Tonic masculinity in the post-gender era.

Miles Groth (mgroth@wagner.edu)
Professor in the Department of Psychology at Wagner College, in New York.

Abstract

The myth of male power has been associated almost exclusively with sexuality understood in the context of the quite-recent notion of gender. Following a period of much-needed interest in the lives of women, there is a resurgence of interest in male experience and masculinity. Tonic masculinity is an emerging new honesty about male experience at this time. The word tonic has two senses that I want to apply to masculinity. One, found in music, refers to the home key of a composition. The other denotes an invigorating substance or influence. I believe that masculinity is re-emerging of necessity to provide both a sense of harmony as well as much needed positive energy to help heal an ailing social body.

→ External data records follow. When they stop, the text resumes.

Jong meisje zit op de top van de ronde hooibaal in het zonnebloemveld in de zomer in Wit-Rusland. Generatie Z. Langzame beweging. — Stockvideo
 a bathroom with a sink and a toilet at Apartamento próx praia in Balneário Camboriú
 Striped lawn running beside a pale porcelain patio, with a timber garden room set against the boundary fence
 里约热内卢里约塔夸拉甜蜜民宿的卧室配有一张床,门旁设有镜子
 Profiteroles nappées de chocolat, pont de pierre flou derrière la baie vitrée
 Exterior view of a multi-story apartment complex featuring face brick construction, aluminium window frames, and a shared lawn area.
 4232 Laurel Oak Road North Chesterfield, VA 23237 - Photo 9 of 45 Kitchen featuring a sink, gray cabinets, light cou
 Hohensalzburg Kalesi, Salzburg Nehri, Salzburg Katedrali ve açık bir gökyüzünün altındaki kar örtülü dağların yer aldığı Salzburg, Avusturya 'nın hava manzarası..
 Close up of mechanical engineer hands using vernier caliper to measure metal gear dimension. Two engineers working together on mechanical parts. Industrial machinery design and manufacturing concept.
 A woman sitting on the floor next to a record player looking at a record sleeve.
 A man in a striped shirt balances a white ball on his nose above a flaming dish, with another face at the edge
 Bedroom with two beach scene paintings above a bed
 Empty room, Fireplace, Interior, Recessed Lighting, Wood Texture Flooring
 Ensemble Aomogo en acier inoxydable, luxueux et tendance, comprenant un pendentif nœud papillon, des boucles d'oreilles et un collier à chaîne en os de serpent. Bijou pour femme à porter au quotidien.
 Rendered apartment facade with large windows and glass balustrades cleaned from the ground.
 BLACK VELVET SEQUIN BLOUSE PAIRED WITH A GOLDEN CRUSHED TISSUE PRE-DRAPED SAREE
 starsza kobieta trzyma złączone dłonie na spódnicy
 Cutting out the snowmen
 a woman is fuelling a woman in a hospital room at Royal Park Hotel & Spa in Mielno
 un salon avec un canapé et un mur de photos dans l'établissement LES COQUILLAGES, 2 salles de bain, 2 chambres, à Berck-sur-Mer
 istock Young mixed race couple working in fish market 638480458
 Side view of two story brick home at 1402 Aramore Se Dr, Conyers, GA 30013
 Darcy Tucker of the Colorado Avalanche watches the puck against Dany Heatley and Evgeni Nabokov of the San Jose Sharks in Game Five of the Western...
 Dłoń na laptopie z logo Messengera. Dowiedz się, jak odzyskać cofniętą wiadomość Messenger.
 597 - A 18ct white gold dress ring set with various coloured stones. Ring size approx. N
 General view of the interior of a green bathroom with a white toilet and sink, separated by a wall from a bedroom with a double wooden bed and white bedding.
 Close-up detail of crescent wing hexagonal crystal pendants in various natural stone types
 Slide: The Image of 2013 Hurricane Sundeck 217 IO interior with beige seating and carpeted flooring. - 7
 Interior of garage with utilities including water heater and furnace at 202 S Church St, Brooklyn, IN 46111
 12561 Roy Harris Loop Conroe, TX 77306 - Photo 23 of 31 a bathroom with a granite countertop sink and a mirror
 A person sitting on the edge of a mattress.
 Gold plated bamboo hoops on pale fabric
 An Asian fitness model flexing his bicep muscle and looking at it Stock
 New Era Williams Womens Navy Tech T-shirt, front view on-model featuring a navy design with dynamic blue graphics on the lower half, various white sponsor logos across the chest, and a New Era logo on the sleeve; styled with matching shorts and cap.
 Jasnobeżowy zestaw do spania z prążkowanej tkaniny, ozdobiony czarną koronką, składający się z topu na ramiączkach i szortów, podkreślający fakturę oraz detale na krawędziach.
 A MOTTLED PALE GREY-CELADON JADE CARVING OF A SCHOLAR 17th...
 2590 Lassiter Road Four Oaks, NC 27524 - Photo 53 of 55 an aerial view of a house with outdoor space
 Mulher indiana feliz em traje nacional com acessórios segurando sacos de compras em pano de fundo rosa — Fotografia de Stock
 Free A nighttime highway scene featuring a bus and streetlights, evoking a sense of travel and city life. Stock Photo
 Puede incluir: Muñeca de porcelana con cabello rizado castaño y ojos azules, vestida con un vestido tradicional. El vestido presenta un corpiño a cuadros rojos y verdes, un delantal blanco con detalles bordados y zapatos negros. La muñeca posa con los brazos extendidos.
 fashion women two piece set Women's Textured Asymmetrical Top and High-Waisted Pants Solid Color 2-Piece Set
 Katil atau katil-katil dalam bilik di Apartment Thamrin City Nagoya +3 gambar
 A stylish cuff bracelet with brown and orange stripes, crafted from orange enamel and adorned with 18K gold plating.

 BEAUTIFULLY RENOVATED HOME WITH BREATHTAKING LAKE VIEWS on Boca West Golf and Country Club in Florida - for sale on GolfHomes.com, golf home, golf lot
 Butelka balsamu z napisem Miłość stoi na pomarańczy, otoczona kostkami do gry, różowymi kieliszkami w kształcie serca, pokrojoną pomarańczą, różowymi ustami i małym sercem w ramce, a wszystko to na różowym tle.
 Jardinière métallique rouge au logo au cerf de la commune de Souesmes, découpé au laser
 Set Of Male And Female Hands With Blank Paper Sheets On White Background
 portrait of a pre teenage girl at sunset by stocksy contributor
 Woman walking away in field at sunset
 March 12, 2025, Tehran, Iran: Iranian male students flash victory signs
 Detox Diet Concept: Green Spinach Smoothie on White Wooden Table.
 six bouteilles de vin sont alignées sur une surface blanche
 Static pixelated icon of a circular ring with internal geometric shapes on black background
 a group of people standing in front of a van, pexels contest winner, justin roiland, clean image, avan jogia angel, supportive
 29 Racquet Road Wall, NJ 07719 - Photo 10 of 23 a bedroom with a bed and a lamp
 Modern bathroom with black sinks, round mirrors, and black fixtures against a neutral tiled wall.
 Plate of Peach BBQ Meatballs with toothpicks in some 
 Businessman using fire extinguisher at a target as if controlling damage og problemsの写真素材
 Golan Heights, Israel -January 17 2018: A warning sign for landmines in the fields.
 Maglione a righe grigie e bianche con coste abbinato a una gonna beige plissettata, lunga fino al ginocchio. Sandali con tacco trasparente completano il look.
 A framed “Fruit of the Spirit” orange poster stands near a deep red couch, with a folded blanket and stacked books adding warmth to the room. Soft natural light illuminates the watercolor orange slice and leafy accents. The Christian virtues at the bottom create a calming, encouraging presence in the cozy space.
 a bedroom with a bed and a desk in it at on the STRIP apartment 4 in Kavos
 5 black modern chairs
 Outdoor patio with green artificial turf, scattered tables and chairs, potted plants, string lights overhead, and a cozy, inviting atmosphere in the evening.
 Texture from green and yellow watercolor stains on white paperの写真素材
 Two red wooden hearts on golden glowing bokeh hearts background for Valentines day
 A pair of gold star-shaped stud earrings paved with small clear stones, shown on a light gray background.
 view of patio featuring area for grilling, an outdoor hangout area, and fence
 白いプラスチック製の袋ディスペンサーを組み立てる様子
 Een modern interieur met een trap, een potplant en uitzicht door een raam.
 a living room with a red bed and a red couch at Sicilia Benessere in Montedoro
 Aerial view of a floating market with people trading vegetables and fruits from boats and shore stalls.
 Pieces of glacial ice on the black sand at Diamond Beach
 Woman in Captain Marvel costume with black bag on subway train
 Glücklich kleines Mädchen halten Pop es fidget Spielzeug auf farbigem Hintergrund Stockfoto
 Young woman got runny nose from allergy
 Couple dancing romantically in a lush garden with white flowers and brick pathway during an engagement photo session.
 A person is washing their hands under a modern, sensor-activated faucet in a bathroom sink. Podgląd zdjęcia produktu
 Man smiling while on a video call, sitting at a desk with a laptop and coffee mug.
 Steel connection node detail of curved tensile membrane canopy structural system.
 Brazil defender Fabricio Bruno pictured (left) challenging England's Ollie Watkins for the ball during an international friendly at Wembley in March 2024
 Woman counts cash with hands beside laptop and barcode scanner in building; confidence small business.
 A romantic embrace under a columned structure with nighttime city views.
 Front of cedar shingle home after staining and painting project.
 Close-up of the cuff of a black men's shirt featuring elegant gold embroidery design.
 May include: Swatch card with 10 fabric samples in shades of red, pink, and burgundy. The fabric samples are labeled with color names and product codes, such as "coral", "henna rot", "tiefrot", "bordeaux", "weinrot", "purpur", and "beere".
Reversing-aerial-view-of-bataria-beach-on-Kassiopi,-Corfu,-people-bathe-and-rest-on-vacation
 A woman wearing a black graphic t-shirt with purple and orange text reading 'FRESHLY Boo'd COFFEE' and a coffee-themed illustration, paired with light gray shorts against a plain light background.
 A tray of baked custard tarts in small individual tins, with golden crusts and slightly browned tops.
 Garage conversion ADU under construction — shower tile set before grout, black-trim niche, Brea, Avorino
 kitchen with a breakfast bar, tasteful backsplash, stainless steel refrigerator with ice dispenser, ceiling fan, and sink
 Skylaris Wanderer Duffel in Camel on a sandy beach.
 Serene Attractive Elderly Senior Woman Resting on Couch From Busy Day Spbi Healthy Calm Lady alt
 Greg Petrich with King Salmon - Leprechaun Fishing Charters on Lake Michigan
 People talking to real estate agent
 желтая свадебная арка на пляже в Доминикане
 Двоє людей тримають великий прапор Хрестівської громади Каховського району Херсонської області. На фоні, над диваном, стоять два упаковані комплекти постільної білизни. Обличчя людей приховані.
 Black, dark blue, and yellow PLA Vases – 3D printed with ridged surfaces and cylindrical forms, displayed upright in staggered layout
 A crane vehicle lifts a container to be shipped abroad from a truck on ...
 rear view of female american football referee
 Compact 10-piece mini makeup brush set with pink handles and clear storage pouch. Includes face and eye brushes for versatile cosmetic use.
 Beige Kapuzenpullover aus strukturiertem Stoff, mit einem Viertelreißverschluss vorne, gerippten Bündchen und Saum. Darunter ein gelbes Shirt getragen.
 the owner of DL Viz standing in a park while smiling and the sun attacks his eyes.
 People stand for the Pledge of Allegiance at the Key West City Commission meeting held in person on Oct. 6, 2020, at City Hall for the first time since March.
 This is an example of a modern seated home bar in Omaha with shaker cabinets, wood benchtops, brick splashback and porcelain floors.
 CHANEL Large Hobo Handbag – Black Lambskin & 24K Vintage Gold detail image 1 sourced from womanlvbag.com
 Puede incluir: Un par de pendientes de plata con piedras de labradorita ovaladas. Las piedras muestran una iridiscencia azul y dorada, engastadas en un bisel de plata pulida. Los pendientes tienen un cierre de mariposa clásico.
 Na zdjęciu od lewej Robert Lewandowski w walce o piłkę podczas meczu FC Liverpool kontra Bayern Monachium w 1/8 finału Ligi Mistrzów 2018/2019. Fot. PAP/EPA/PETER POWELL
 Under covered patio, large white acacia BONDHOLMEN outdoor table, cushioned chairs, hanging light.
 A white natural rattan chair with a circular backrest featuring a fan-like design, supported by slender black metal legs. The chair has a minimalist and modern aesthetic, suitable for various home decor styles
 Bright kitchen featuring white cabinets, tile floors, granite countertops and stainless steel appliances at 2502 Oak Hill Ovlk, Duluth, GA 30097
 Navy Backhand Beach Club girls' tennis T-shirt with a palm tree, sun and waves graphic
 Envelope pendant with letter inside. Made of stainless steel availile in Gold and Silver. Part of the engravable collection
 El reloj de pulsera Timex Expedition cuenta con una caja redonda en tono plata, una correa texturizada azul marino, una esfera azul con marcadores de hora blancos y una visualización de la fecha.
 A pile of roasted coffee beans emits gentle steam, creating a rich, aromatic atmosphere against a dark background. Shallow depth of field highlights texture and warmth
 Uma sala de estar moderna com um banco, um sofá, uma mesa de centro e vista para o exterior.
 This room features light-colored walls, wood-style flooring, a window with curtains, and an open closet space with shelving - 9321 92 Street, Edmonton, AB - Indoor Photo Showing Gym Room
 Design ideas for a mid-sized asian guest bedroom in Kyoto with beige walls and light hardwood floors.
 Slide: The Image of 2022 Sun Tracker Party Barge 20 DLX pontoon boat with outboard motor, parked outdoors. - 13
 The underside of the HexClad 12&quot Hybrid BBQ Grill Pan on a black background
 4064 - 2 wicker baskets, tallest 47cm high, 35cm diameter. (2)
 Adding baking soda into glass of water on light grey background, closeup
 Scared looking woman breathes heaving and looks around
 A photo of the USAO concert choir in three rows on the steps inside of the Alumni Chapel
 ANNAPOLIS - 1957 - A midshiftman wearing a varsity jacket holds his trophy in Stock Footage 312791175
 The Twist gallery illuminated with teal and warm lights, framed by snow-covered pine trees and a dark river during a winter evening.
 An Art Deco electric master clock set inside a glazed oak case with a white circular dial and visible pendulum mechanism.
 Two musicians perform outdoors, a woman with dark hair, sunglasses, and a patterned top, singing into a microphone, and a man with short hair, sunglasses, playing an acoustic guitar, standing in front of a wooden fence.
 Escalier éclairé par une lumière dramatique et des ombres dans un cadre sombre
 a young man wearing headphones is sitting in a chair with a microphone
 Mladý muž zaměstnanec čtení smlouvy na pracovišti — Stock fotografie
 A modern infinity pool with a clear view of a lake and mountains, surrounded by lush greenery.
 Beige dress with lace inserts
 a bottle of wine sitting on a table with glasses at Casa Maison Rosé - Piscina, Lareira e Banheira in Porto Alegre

Keywords: boys, males, masculinity, men, tonic masculinity

Author Biography

Miles Groth PhD, is professor in the Department of Psychology at Wagner College, in New York. He is founding editor of New Male Studies. He also edited the International Journal of Men's Health and Thymos: Journal of Boyhood Studies, which he co-founded. Dr. Groth studied at Franklin and Marshall College, Duquesne University and Fordham University, where he completed his PhD. He trained as a psychoanalyst in New York and has been in private practice since 1977. He has written invited papers for presentation in Australia, Canada, England, Hungary, Italy and Germany, as well as at many colleges and universities in the United States. He is the author of five books, the most recent of which is Resituating Humanistic Psychology (Rowman & Littlefield, 2019), and many articles in peer-reviewed journals. He resides in New York.